The report analyzed 20 media companies that account for almost 55 percent of the media industry’s revenue.

He further noted that Indian media companies were slow to adapt to the growing digital influence, despite factors such as growing number of smartphone users, growing internet penetration, affordable data prices in India (approximately 0.2 dollars per GB of mobile data) and the adoption of 5G. However, this is likely to change in the coming years.

“To better ride the digital wave, media companies have started focusing on digital modes like over-the-top platforms, social media and mobile apps,” Manish Gupta, senior director at CRISIL Ratings, said in a statement. As a result, the digital segment will continue to increase its share of media player revenue, rising from approximately 12 percent in fiscal 2024 (up from approximately 8 percent in fiscal 2019) to more than 18 percent in fiscal 2027, as consumers increasingly turn to digital platforms for news and other media content, he added.

However, the digital segment has been a drag on media companies’ profitability due to high initial spending on labor, content creation and marketing, as companies struggled to identify customers and markets for their products. Additionally, competition has limited margin improvement as consumers have many free content alternatives.

“Operational performance in the digital segment is now expected to improve,” said Ankit Hakhu, director, CRISIL Ratings. “Product discovery means that companies have begun to identify the customer segments most appropriate for their product offerings, allowing them to control promotional spending by making them more targeted. Within the CRISIL Ratings study, at least 8 out of 20 companies have achieved or identified this adjustment to a reasonable degree,” he added.

Targeted advertising and better identification of customer segments are expected to improve margins in the digital segment, which has struggled with profitability in recent years. According to the report, the industry recorded approximately 20 percent operating losses in fiscal 2024.

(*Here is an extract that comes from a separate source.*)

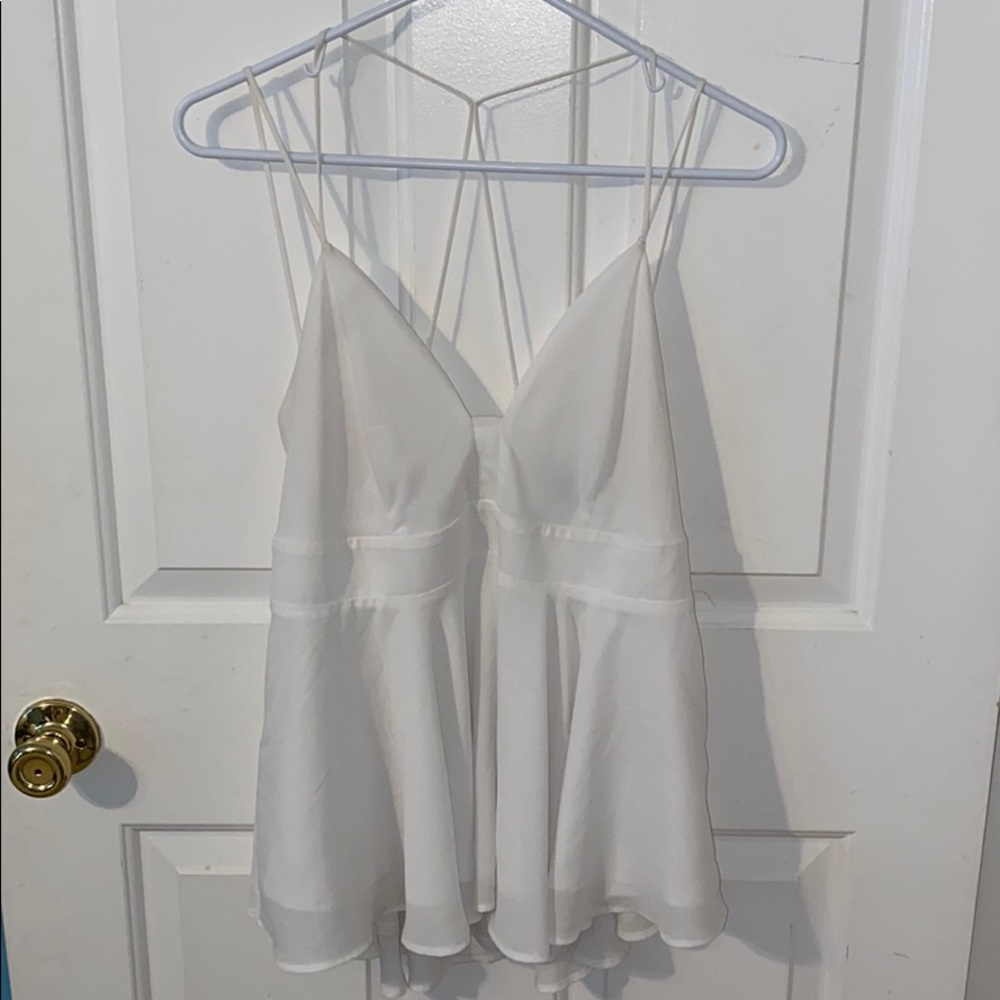 Going out tank top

The report also highlighted that the improvement in overall operating profitability remains sensitive to movements in key raw material prices and input costs, such as newsprint (NP) prices, which account for between 30 and 40 percent of total costs. Geopolitical or other issues in the global supply chain could cause unexpected volatility in NP prices, as seen in fiscal 2023, when prices averaged $840 per ton, a year-over-year increase of about 23 percent.